## [Your assignment]
Take the lines in the listing below from the line with "hds134-nomex-832873 data" up to and including the line with "বাইকের ট্যাক্স টোকেন" and set them down exactly, skipping pictures and adding nothing.

START Exercise data

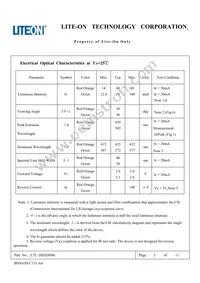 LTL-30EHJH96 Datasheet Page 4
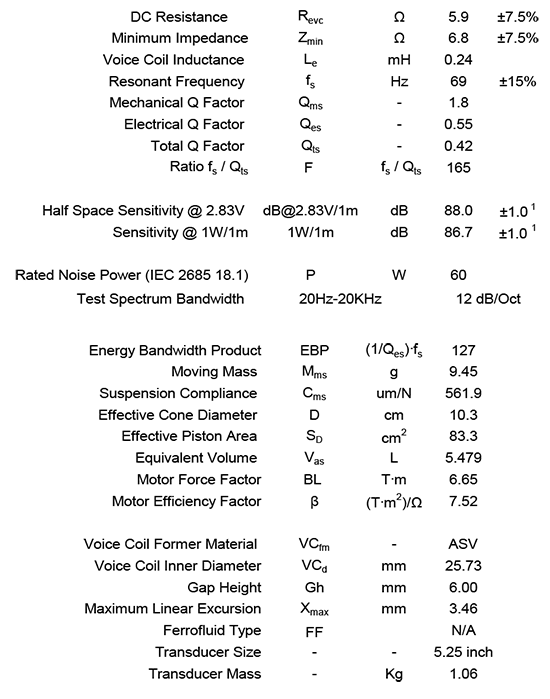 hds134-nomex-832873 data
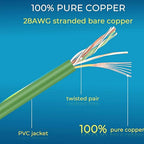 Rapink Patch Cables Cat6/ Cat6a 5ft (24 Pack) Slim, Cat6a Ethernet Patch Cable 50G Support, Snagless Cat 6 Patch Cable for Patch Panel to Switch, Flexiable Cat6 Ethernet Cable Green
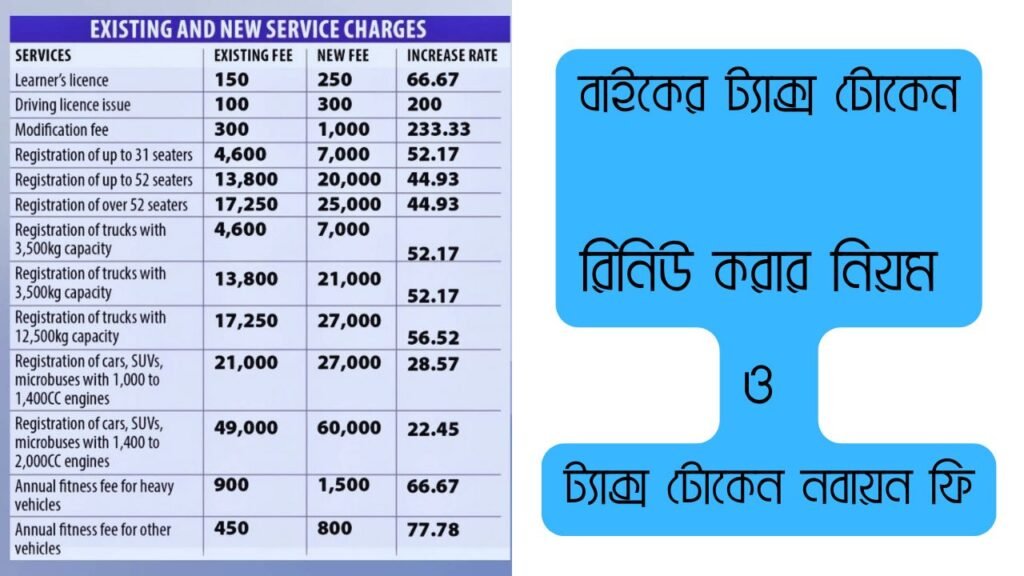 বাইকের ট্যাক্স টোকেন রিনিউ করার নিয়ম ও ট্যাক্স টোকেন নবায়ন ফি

END Exercise data
START Exercise data

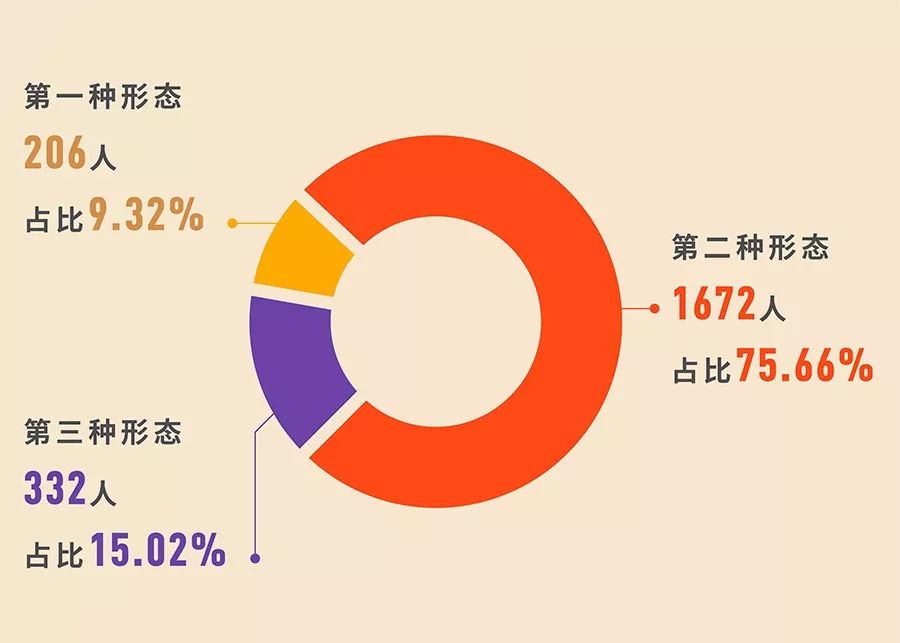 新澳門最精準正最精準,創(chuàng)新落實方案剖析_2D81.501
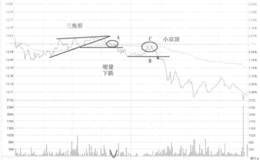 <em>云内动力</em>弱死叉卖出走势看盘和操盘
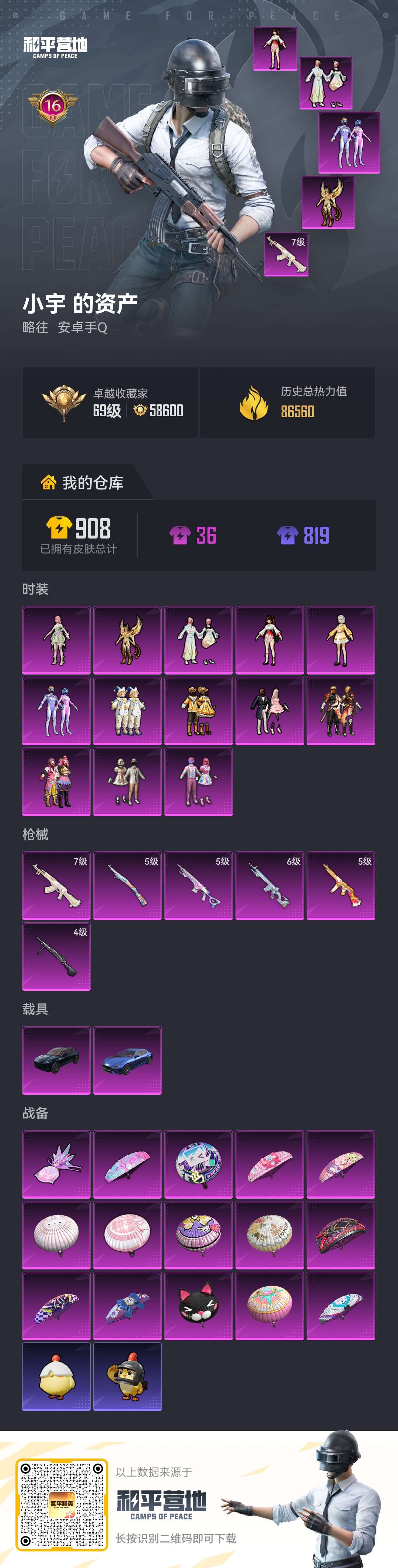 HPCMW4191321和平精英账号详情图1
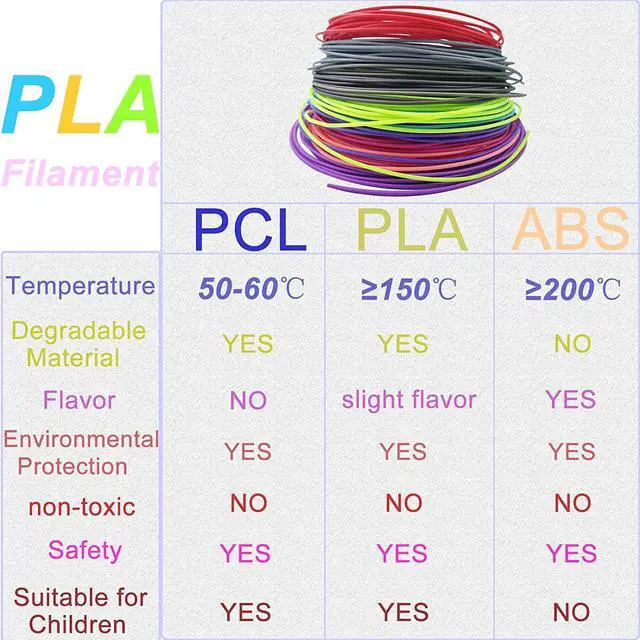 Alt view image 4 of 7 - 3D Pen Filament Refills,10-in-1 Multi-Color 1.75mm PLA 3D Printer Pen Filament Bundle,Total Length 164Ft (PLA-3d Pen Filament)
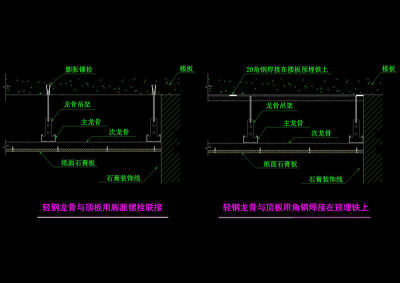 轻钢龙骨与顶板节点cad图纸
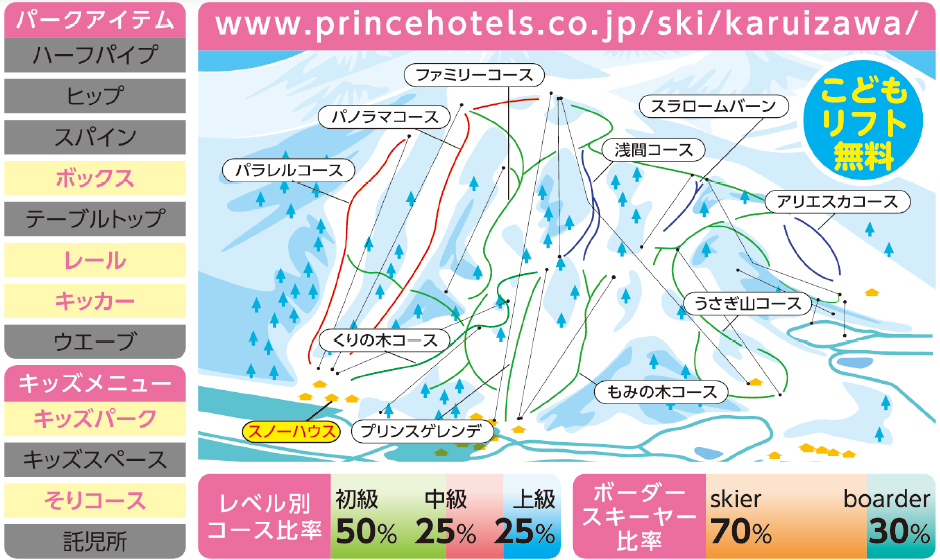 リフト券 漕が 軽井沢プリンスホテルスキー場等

END Exercise data

## [Solution for this task]
 hds134-nomex-832873 data
 Rapink Patch Cables Cat6/ Cat6a 5ft (24 Pack) Slim, Cat6a Ethernet Patch Cable 50G Support, Snagless Cat 6 Patch Cable for Patch Panel to Switch, Flexiable Cat6 Ethernet Cable Green
 বাইকের ট্যাক্স টোকেন রিনিউ করার নিয়ম ও ট্যাক্স টোকেন নবায়ন ফি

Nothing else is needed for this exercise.